O fecho fez-se, mais adiante, no Salão Brazil, com o regresso dos Corda Bamba à Cidade Universitária. No ano passado o grupo estivera ali em residência e gravou um disco ainda à espera de edição, e agora voltou com uma alteração de circunstância – Mark Sanders no lugar de Roger Turner. O baterista britânico mais os portugueses Hugo Antunes (contrabaixo) e Luís Vicente (trompete), o inglês Alexander Hawkins (piano) e o norte-americano John Dikeman (saxofone tenor) encerraram os Encontros de forma particularmente intensa, alinhada com a estética do grito formulada pelo free jazz histórico e pela “old school” da livre-improvisação. O que deram ao público esteve quase sempre no vermelho, ou seja, nos antípodas do que, no final da tarde, pude ouvir de Hawkins antes de chegarem os seus companheiros de banda para a prova de som (um cintilante e meticuloso Bach), e dele e Dikeman quando se atiraram aos blues, fazendo lembrar a parceria de Archie Shepp e Horace Parlan.

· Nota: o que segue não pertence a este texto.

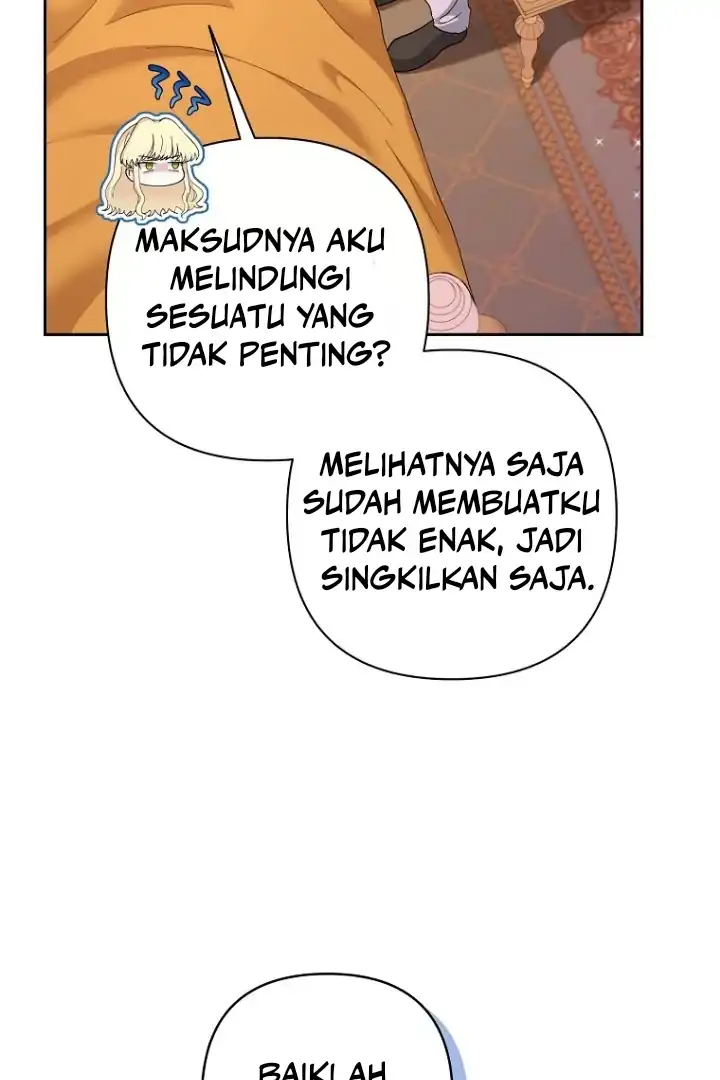 Halaman 318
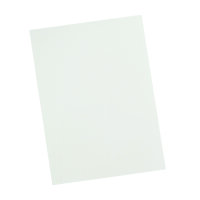 Deko-Transferfolie 2.0, Inkjet + Laser, transparent, 1 St.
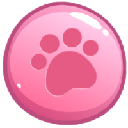 Safari Crush logo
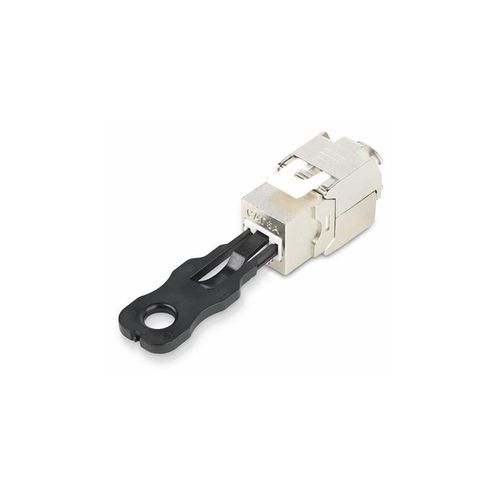StarTech.com RJ45LOCKANDKEY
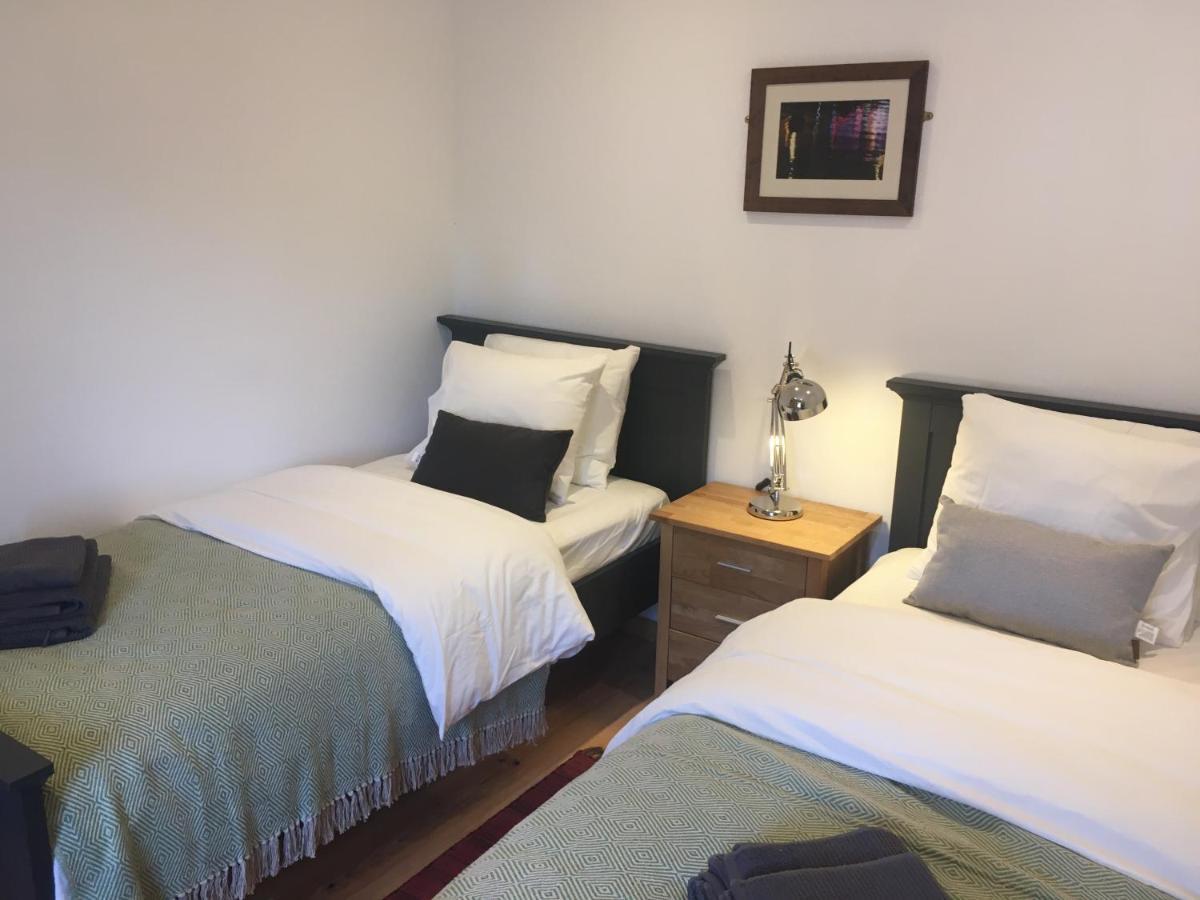 Pausastay - Qdm Artists Suites - Rooms Alvorge 외부 사진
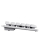 Trust GXT833 THADO TKL KEYBOARD WHT US - 1489305 - zdjęcie 3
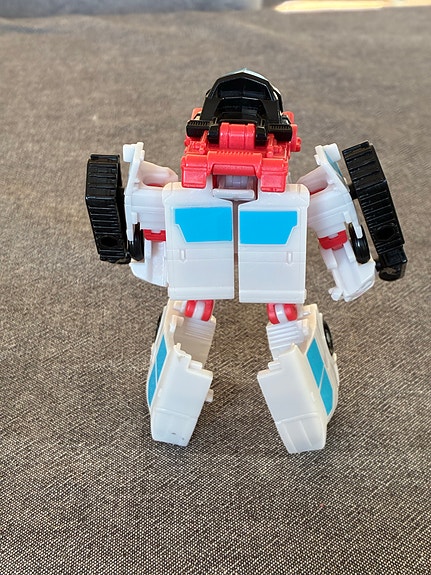 Product image 4 of 5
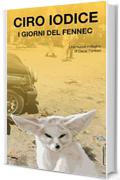 I giorni del Fennec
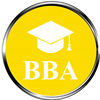 BBA-1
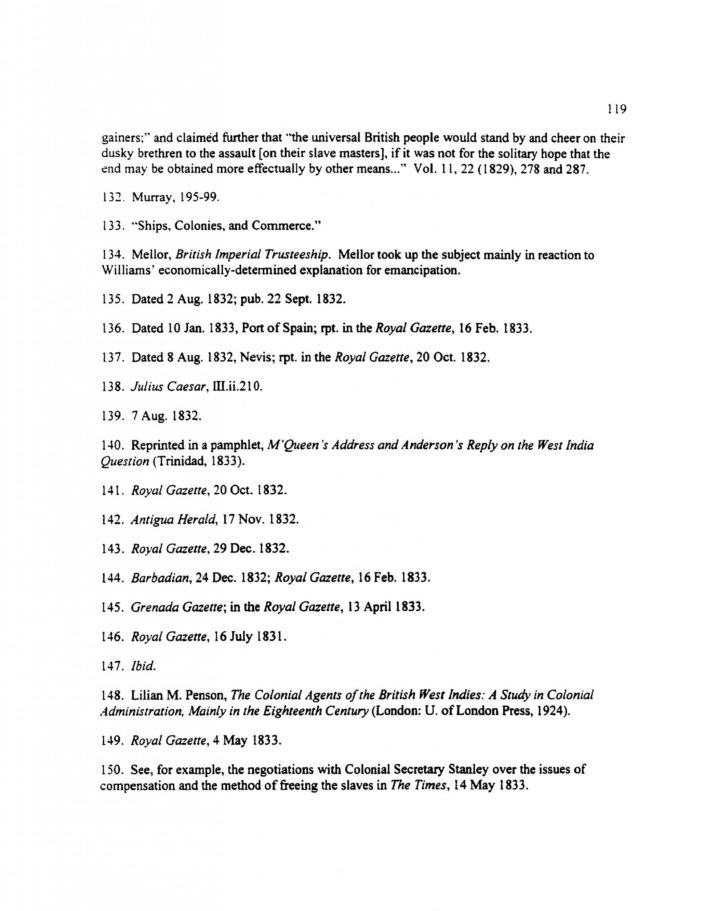 world-war-1-and-its-aftermath-worksheet-answers-db-excel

Assim não foi nos minutos em que o concerto entrou por terrenos mais abstractos e com mais espaços, bem como numa longa passagem, apenas com a secção rítmica, em que se escolheu o bebop como vocabulário. A preceito, diga-se, com o clássico “walking bass” e com “swing” de bateria. O Jazz ao Centro terminava, deste modo, em festa.